' ' Cinema Romantico: Tower

Wednesday, February 08, 2017

Tower

In her Texas Monthly oral history of the August 1966 sniper assault waged by a Texas engineering student named Charles Whitman from the University of Texas Tower on the unsuspecting populace below, Pamela Collof detailed how the school generally refused to acknowledge that terrible event in some strange hope that the event’s memory would merely evaporate. But the memory did not evaporate from the minds of those who survived it, and it is those who survived it who finally, deservedly get the floor in Keith Maitland’s pulverizing documentary “Tower.” Maitland, however, is not content with simply lining up survivors on screen like so many talking heads; no, he both looks back and lives through the event, a brilliant melding of past and present that manages this tricky balancing act through animation.


Maitland principally tells the story through rotoscoping whereby he and his effects team layered animation over live action and archival footage.
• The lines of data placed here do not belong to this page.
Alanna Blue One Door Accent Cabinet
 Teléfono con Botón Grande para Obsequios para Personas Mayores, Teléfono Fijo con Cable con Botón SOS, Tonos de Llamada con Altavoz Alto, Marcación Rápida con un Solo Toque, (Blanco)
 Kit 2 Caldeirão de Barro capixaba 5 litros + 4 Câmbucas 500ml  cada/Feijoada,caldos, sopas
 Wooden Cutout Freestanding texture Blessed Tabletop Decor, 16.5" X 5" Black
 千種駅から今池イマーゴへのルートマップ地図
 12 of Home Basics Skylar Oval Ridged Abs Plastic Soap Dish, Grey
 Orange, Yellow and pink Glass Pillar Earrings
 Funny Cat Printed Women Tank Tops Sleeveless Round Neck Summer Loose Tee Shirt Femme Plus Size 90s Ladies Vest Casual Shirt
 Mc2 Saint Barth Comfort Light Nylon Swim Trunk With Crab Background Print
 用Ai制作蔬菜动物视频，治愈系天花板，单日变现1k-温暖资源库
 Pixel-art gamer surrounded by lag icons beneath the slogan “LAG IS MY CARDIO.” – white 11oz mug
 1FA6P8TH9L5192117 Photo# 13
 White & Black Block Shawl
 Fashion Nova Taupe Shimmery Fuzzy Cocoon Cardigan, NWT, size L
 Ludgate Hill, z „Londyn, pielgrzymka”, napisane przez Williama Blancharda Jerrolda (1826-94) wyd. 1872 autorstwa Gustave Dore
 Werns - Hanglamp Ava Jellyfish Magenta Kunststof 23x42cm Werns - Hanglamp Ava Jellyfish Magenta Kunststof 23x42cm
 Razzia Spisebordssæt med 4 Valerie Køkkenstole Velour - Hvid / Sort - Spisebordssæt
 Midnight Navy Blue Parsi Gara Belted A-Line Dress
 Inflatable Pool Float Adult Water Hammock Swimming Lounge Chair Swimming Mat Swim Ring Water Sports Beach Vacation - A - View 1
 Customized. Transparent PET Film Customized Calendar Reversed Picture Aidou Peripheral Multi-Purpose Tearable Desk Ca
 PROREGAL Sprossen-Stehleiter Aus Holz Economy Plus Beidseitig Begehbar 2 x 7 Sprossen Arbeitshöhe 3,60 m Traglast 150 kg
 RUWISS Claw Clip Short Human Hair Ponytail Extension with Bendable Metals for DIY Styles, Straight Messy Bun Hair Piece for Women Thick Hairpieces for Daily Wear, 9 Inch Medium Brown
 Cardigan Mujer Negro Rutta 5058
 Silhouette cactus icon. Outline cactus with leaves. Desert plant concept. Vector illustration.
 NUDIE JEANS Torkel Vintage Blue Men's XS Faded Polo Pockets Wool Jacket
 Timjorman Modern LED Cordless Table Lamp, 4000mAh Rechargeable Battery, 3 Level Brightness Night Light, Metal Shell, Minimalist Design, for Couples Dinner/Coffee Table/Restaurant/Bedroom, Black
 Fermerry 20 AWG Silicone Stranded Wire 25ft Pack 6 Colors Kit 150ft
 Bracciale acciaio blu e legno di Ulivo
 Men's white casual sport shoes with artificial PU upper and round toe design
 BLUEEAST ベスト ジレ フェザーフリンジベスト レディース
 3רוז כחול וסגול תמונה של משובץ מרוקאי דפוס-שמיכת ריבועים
Actual actors were tasked with playing survivors of that day and artists then drew over the images of these actors, giving them a heightened sensation, not unlike Richard Linklater’s “Waking Life.” If it sounds crass given the weight of an event in which 13 people were killed and 36 more wounded, the end result is anything but, evincing a sensation of how memories can exist at both a heightened and piercing pitch.

Maitland uses the actual words of survivors to describe their ordeal, but filters this testimony through these rotoscoped re-creations, creating an onscreen immediacy that also allows for the thoughtful consideration afforded by the distance from the event itself. You see this incredible blending most acutely in the case of Claire Wilson, the first shooting victim, 18 years old and 8 months pregnant, whose evocative recollections of being shot as like stepping on a “live wire” and bleeding out as akin to “melting” are breathed to poignant, terrifying life by Maitland’s images.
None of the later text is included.